I’m running a search engine for cars. It’s backed by a postgresql 9.3 installation.

Now I’m unsure about the best approach/strategy on doing index optimization for the fronted search.

The problem:

The table containing the cars holds a around 1,5 million rows. People that searches for cars needs different criteria to search by. Some search by brand/model, some by year, some by mileage, some by price and some by special equipment etc. etc. – and often they combine a whole bunch of criteria together. Of cause some, like brand/mode and price, are used more frequently than others. In total we offer: 9 category criteria like brand/model or body type, plus 5 numeric criteria like price or mileage, plus 12 boolean criteria like equipment. Lastly people can order the results by different columns (year, price, mileage and a score we create about the cars).
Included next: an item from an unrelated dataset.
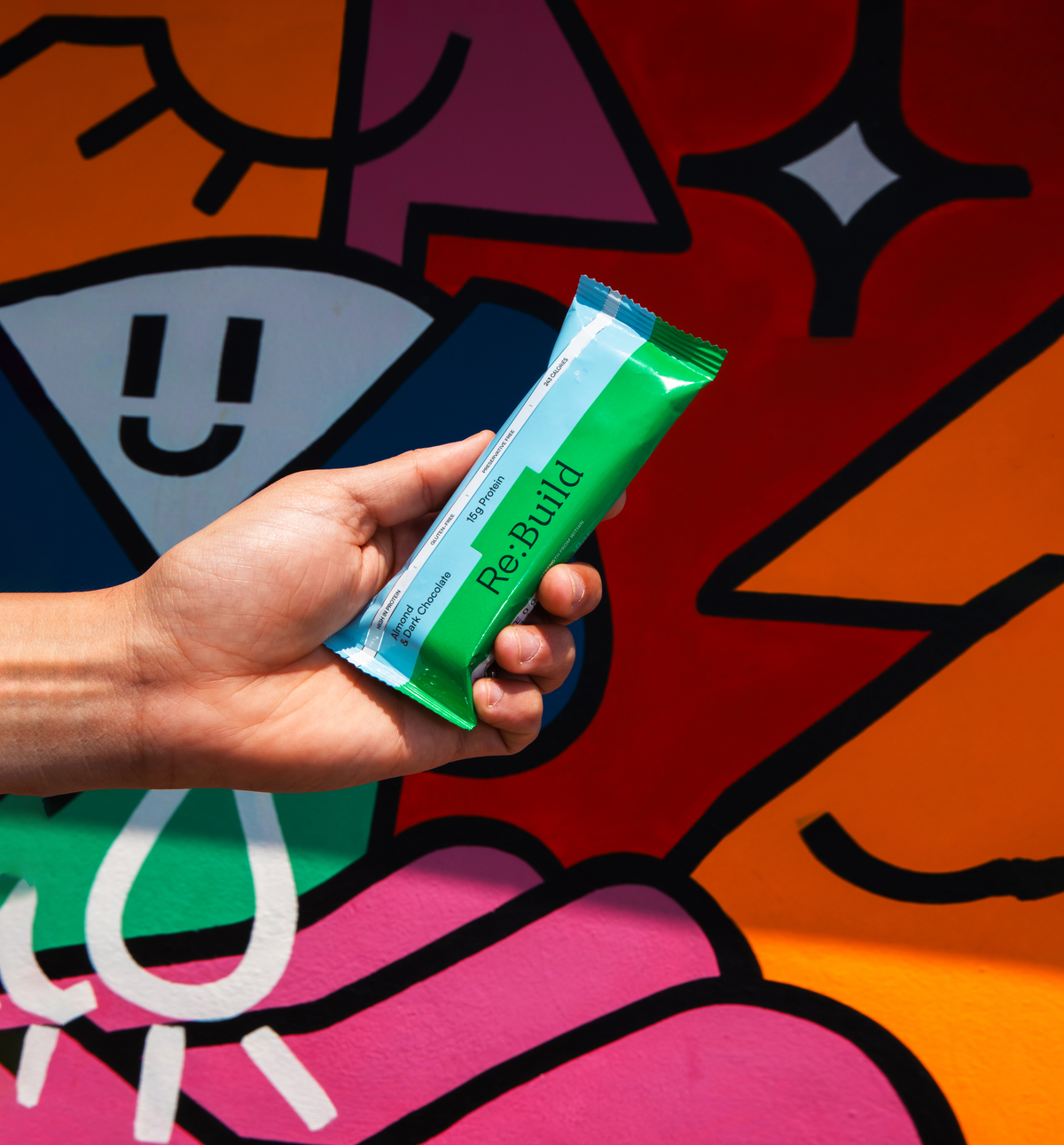A green and blue box containing 12 protein bars. The name Re:Build is displayed on the box.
By default we order by our own generated score.

What I’ve done so far:

I have analyzed the usage of the criteria “lightly”, and created a few indexes (10). Among those, are e.g. indexes on price, mileage and a combined index on brand/model. Since we are only interested in showing results for cars which is actually for sale, the indexes are made as partial indexes on a sales state column.

Questions:

  1. How would you go about analyzing and determining what columns should be indexed, and how?
  2. What is the best strategy when optimizing indexes for searches happening on 20 + columns, where the use and the combinations varies a lot? (To just index everything, to index some of the columns, to do combined indexes, to only do single column indexes etc. etc.)
  3. I expect that it does not make sense to index all columns?
  4. I expect it does not make sense to index boolean columns?
  5. Is it better to do a combined index on 5 frequently used columns rather than having individual indexes on each of them?
  6. Would it be a good idea to have all indexes sorted by my default sorting?
  7. Do you have so experiences with other approaches that could greatly improve performance (e.g. forcing indexes to stay in memory etc.)?

Best Answer

  1. Capture the queries that people actually make.
  2. Analyze data from #1; then devise short, multi-column, indexes (2, maybe 3, columns each)
  3. No. Especially not for yes/no flags. It's ok to combine such, as in #2.
  4. See #3.
  5. The order of columns is important in an index. A 5-column index is (roughly) equivalent to the 1-col index on its first column, but is not useful if you don't query on that column.
  6. Probably.
  7. Forcing into memory is counter-productive because it takes away space for caching other stuff.